» What is needed: Output the data below only from the line containing "Синий Тойота Королла, объемом" up to and including the line containing "Casa indipendente in vendita a Palena", exact and with the pictures left out.

» Data for analysis:
##########

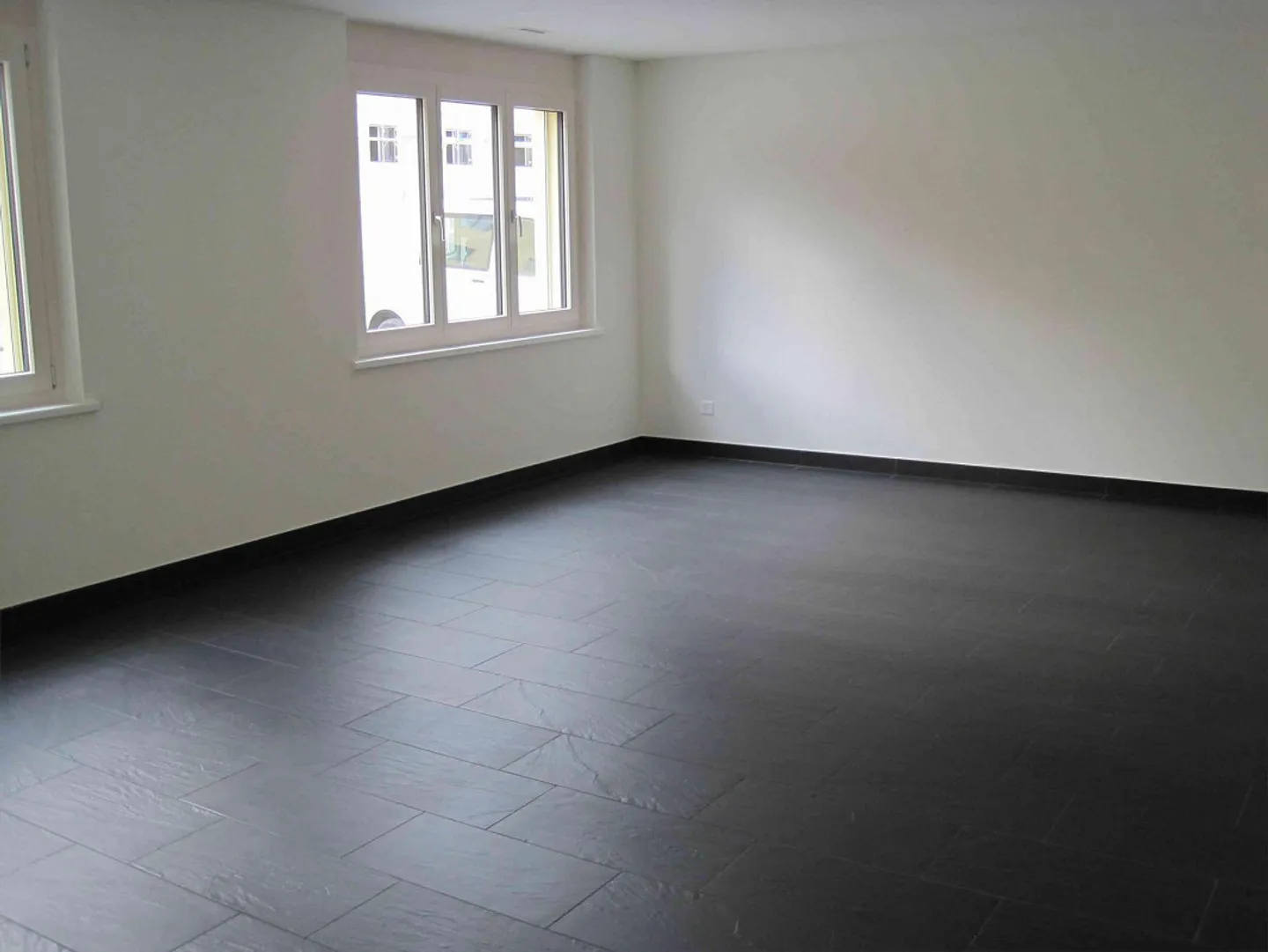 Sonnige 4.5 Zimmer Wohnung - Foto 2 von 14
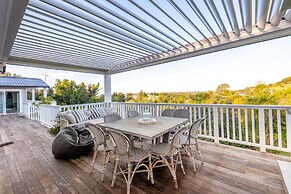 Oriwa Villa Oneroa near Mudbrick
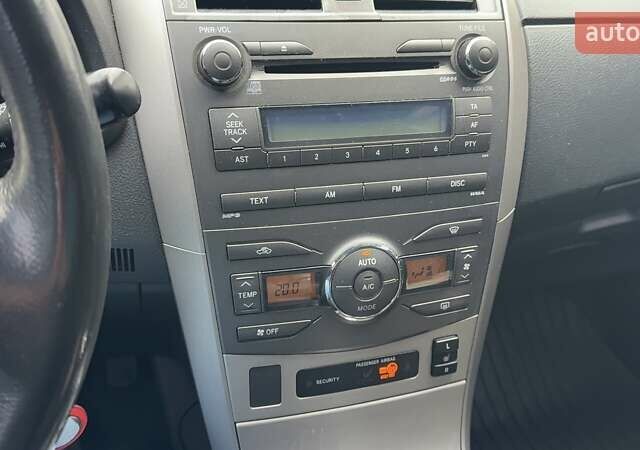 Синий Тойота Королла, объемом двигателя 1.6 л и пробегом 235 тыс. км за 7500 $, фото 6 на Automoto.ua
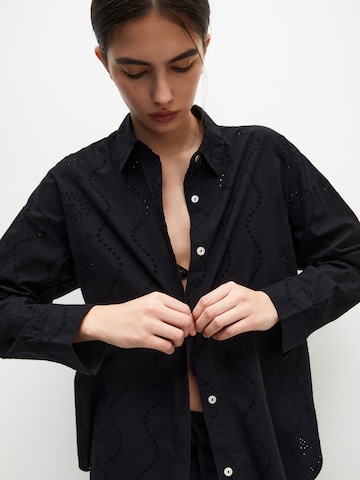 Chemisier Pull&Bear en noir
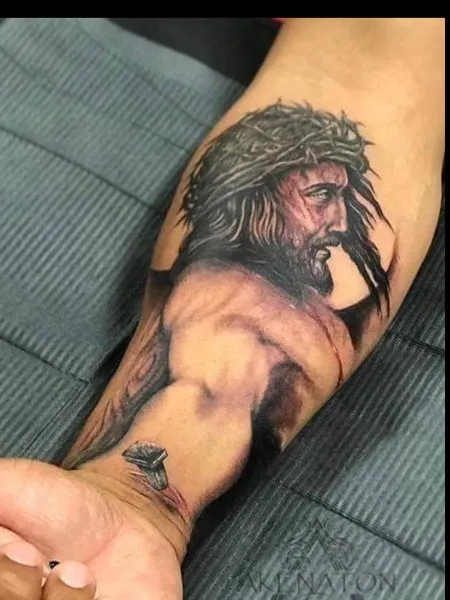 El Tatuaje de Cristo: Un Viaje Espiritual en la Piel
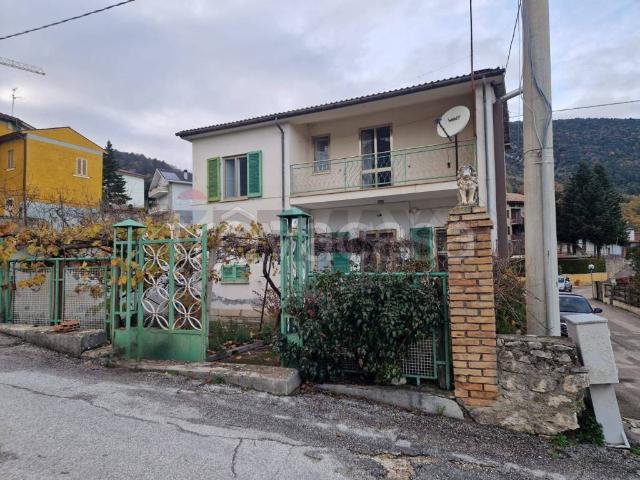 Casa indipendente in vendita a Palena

##########

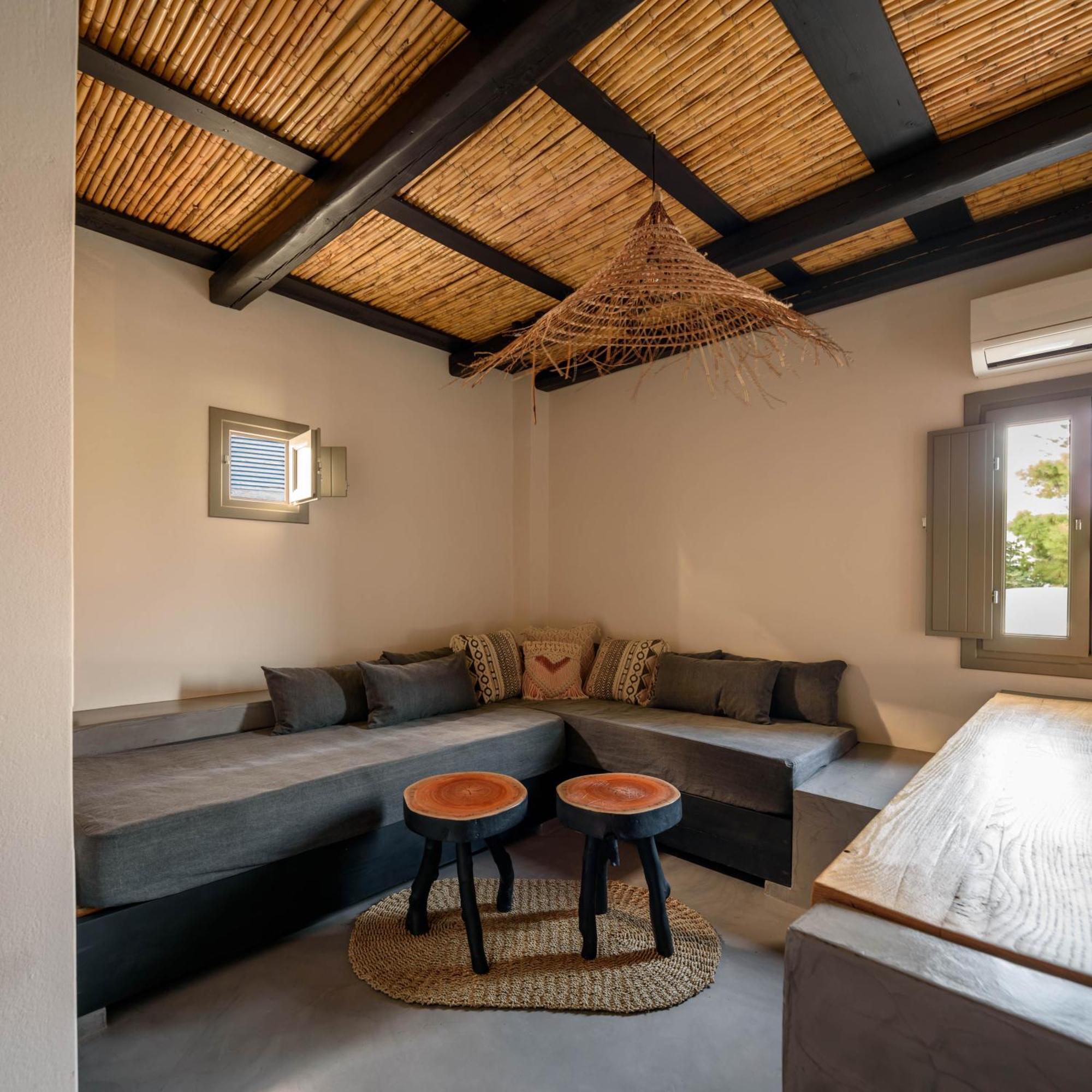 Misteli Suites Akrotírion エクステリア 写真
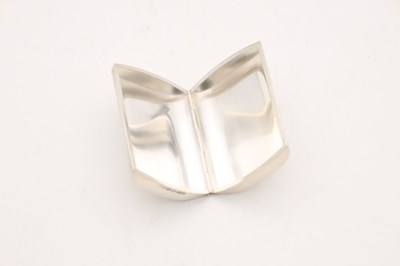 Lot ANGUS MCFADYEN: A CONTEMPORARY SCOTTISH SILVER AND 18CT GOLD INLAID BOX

##########

» Solution:
 Синий Тойота Королла, объемом двигателя 1.6 л и пробегом 235 тыс. км за 7500 $, фото 6 на Automoto.ua
 Chemisier Pull&Bear en noir
 El Tatuaje de Cristo: Un Viaje Espiritual en la Piel
 Casa indipendente in vendita a Palena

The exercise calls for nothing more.